Open Street Map Blog Collector
MIT License
28 stars 11 forks source link

URL search with less chars does not match #928

Closed Strubbl closed 2 years ago

Strubbl commented 2 years ago

Searching for the URL https://sammyhawkrad.github.io/OsmoseStats does not reveal any result: https://osmbc.openstreetmap.de/article/searchandcreate?search=https%3A%2F%2Fsammyhawkrad.github.io%2FOsmoseStats&SearchNow=

but searching for the same URL https://osmbc.openstreetmap.de/article/searchandcreate?search=https%3A%2F%2Fsammyhawkrad.github.io%2FOsmoseStats%2F&SearchNow= (but with a slash at the end) gives a result: https://osmbc.openstreetmap.de/article/searchandcreate?search=https%3A%2F%2Fsammyhawkrad.github.io%2FOsmoseStats%2F&SearchNow=

It would be nice if the first search would also show the result of the second search to avoid duplicates.
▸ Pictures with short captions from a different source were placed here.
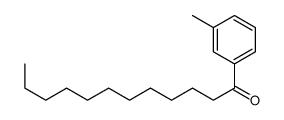 1-(3-methylphenyl)dodecan-1-one结构式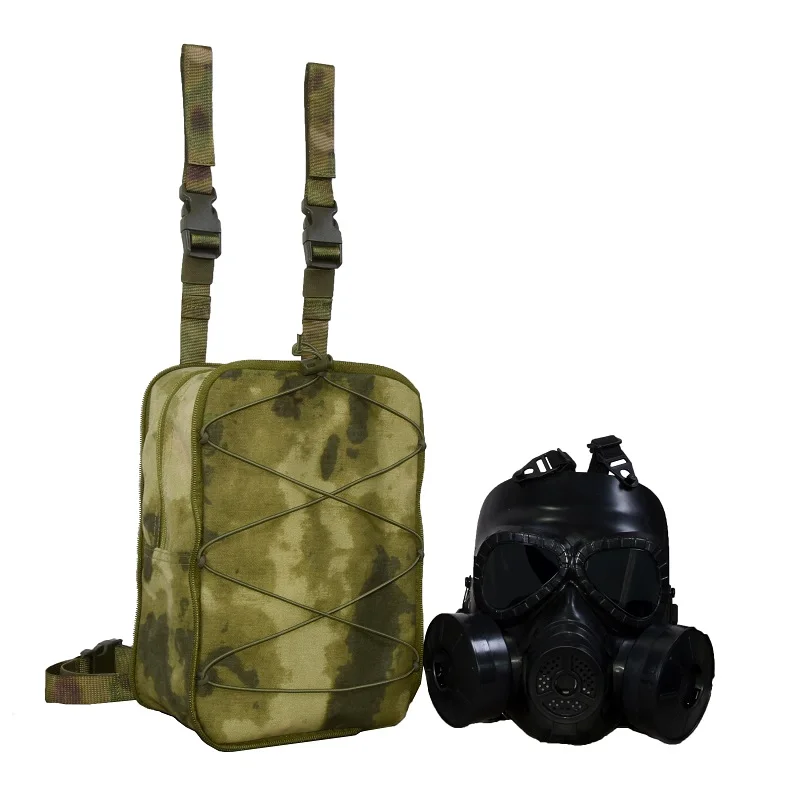Bolsa de pierna expandible MOLLE táctica para exteriores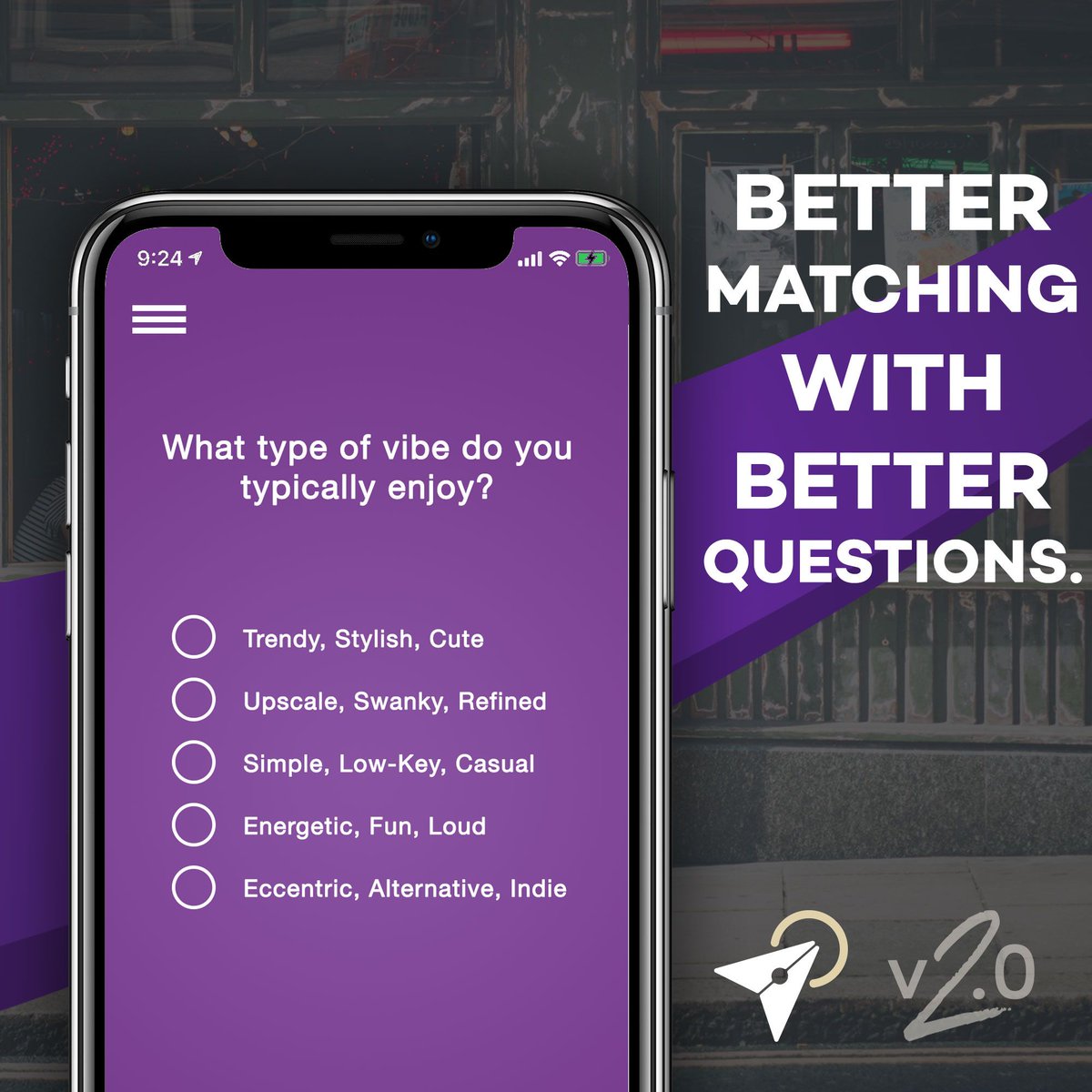 LegendTravelApp's tweet photo. ✅ LGND v2.0 Feature: Better Survey Questions ✅ 

Our new matching algorithm has fun, new questions that will match you based on things like your preferred vibe, any dietary restrictions, and more – along with our usual questions of age range, budget, and trip type.

#travelapp https://t.co/hDHbudoKmj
TheFive commented 2 years ago

looks my search function needs an update, i have used Postgres Full Text search, so it can be, that this search really is a word search. I have seen, that postgres can convert Web Search Operators internally (so that you can exclude words from your search with "-" like known from search engines.

And - if the request is only a url, it CAN make sense to use the is as a part of an url, but than it will find ALL suburls (which is not the case now.

After everyone swithced to HTTPS, i have tried to make the search more robust by searching for http and https, may be it will be the best to have a similar bridge for the closing "/".

which will lead to an OR request for

https://sammyhawkrad.github.io/OsmoseStats/
https://sammyhawkrad.github.io/OsmoseStats
http://sammyhawkrad.github.io/OsmoseStats/
http://sammyhawkrad.github.io/OsmoseStats

(which should be no runtime problem, if there is an index by word for the search)

Strubbl commented 2 years ago

The doublette check is affected of this change. Please have a look at the article's section "Links used in other Post" of https://osmbc.openstreetmap.de/article/26986 I am not sure if we want to avoid this or keep this as is. I think it is impossible to avoid all false positives. Thus, maybe a warning more to check is better than having no warning for a real doublette?

TheFive commented 2 years ago

looks to be a bug, was not intended this way. May be the link was cutted "to much" and my test cases didn't catch that up.

TheFive commented 2 years ago

Fixed, your sample link is working now.